I assume you got the error "ORA-12704: character set mismatch" because your data inside quotation marks is considered char, but your fields are nchar, so char is mapped using different encodings, one uses NLS_CHARACTERSET , the other NLS_NCHAR_CHARACTERSET .
When you use the UNISTR function, it converts the data from char to nchar (in any case, which also converts encoded values to characters) as Oracle docs say:
"UNISTR takes as argument a text literal or expression that resolves character data and returns it in a national character set."
If you explicitly convert values using N or TO_NCHAR you get only NLS_NCHAR_CHARACTERSET values without decoding. If you have values encoded in this way "\00E0" , they will not be decoded and will be considered unchanged.

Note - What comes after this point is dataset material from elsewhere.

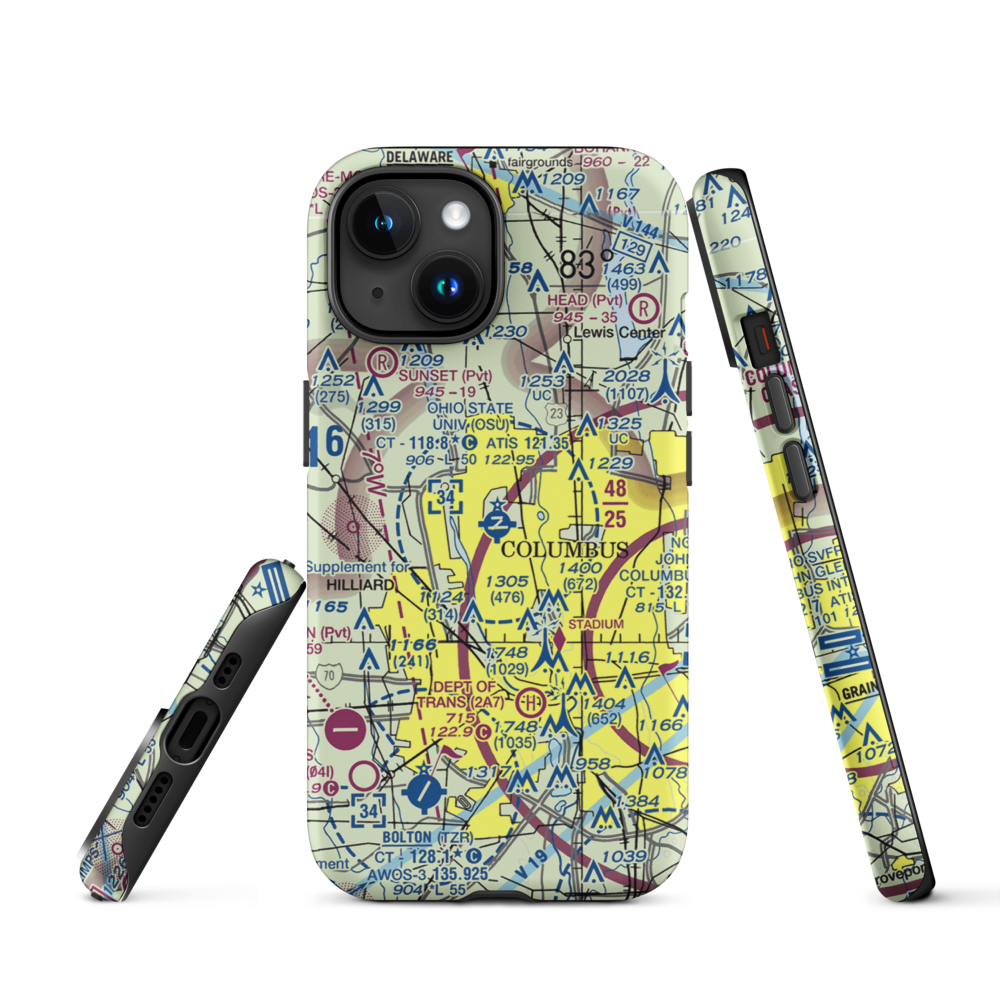 The Ohio State University Airport - Don Scott Field (OSU) VFR Sectional  Tough iPhone Case iPhone 15 model shown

So, if you have an insert, for example:
insert into select N'my string with special chars like \00E0', UNISTR('my string with special chars like \00E0') from dual ....
your data in the first input field will be: 'my string with special chars like \00E0' not 'my string with special chars like à' . This is the only side effect that I know of. Other requests should already use the NLS_NCHAR_CHARACTERSET encoding, so this should not be a problem with an explicit conversion.
And by the way, why not just insert all the values like N'my string with special chars like à' ? Just encode them in UTF-16 (I assume you are using UTF-16 for nchars) first if you use different encoding in top level software.